[<prev] [next>] [<thread-prev] [thread-next>] [day] [month] [year] [list]
Message-ID: <551BC78C.2090501@gmail.com>
Date: Wed, 01 Apr 2015 12:25:16 +0200
From: Milan Broz <gmazyland@...il.com>
To: discussions@...sword-hashing.net
Subject: Re: [PHC] OMG we have benchmarks
On 04/01/2015 11:40 AM, Solar Designer wrote:
> On Wed, Apr 01, 2015 at 11:01:36AM +0200, Milan Broz wrote:
>> Graph for t_min is here (but is somehow strange)
>> https://raw.githubusercontent.com/mbroz/PHCtest/master/output/round2_Lenovo_X230_i5_16G/m_cost/memory_time.png
>
> This the more useful one, and it doesn't look strange to me. There's
> some noise, but if the number of samples was small that's to be
> expected. Thank you!
>
> It's puzzling that the Lyra2 lines don't reach 512 MB and that several
> others don't have a final point at 1 GB, though.
It need some tweaking probably yet. Also test is run in single user mode,
I tried to kill all other processes and despite that there is still a lot
of noise when measuring time.
> When you benchmark -SSE versions, what exactly are those built for?
> SSE2, SSSE3, SSE4.1, AVX, AVX2?
For reference versions, I removed sse/avx/-mnative flags to be able to
compile it on other architectures.
For SSE versions I tried to keep the same compile parameters as
in original makefile for the optimized version.
Everything is in hash_lib directory so you can check it.

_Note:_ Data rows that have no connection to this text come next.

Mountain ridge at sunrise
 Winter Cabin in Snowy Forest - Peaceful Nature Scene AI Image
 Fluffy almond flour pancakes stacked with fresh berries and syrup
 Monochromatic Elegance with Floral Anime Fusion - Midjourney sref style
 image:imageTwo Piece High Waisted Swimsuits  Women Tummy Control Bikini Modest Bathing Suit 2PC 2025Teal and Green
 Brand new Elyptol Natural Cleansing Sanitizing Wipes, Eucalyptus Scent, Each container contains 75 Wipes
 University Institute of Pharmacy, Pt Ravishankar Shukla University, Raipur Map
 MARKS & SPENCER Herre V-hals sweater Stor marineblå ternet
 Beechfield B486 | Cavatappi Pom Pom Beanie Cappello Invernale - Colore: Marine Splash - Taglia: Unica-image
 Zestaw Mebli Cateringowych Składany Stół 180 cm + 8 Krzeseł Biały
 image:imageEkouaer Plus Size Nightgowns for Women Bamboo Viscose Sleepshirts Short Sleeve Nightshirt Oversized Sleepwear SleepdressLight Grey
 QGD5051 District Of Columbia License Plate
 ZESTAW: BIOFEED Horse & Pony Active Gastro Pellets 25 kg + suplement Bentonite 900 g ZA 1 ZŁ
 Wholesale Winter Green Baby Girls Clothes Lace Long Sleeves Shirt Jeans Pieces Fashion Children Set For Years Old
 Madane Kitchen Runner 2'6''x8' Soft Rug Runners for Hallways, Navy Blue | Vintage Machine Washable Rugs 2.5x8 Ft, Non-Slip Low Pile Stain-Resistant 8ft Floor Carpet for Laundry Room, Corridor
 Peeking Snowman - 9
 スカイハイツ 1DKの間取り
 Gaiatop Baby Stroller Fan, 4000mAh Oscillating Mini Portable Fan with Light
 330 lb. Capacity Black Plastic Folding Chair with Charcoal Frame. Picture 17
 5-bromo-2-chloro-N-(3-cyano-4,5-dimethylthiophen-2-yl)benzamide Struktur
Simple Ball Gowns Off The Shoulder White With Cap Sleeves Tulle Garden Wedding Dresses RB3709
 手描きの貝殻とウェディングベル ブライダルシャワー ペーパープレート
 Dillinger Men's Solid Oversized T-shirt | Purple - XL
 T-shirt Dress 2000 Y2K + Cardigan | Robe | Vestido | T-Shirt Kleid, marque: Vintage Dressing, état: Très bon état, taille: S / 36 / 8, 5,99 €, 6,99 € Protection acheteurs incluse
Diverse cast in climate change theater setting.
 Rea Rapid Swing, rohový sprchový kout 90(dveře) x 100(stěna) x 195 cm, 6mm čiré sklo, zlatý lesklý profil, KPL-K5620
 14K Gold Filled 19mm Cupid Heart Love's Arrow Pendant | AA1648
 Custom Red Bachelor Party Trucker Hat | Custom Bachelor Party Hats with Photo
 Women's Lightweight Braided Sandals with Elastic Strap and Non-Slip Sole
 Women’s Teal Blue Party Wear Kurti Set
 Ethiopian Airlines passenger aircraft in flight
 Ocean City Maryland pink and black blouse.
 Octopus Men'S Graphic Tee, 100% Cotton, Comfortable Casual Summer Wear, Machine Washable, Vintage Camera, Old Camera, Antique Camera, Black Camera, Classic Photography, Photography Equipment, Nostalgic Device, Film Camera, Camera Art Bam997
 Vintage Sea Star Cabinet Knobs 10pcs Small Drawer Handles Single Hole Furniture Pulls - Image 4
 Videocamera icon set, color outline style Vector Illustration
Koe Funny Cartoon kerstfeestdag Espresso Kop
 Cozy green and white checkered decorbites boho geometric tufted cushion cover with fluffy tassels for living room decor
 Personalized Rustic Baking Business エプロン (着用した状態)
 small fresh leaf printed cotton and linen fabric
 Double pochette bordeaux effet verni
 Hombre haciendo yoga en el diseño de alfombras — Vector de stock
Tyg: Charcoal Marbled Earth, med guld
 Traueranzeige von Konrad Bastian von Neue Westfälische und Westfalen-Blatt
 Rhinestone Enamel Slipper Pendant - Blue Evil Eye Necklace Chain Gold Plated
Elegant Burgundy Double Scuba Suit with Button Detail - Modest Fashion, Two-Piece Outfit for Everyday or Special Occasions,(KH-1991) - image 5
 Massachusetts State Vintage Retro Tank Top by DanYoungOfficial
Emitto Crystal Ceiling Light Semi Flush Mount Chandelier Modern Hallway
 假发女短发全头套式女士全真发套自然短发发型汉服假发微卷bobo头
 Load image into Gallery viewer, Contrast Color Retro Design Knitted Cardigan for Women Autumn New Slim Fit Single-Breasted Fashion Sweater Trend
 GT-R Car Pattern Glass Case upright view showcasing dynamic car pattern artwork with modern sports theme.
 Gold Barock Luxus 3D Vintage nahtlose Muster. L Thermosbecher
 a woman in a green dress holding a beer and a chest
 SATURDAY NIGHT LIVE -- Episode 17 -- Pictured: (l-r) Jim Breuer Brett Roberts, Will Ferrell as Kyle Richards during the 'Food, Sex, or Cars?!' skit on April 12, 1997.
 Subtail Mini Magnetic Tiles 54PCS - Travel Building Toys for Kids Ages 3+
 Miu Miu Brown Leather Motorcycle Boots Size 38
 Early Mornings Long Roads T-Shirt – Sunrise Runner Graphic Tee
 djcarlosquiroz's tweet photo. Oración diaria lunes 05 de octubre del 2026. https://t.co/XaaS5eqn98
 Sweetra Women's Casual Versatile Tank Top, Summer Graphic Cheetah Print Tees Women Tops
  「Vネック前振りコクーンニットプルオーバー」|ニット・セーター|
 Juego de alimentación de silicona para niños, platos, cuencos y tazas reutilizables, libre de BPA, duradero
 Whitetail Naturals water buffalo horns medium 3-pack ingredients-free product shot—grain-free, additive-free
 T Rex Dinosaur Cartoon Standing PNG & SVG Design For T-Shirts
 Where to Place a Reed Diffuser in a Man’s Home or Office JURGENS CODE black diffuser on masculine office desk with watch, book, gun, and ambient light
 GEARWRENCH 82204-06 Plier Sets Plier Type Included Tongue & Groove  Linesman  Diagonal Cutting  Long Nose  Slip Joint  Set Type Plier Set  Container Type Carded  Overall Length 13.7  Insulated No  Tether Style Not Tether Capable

> (FWIW, yescrypt's pwxform is such that it can be as optimal with SSE2 as
> with AVX, but compilers tend to produce better code for it when SSE4.1
> or AVX is enabled. We may introduce a hand-written assembly version in
> plain SSE2 eventually, which I expect to be same speed as AVX. Luckily,
> the performance difference between these different SIMD builds of
> yescrypt is small, though. Only AVX2 and beyond should differ more,
> once such intrinsics are added to yescrypt-simd.c.)
For yescrypt-sse it uses yescrypt-simd.c and CPU is capable of SSE4.1.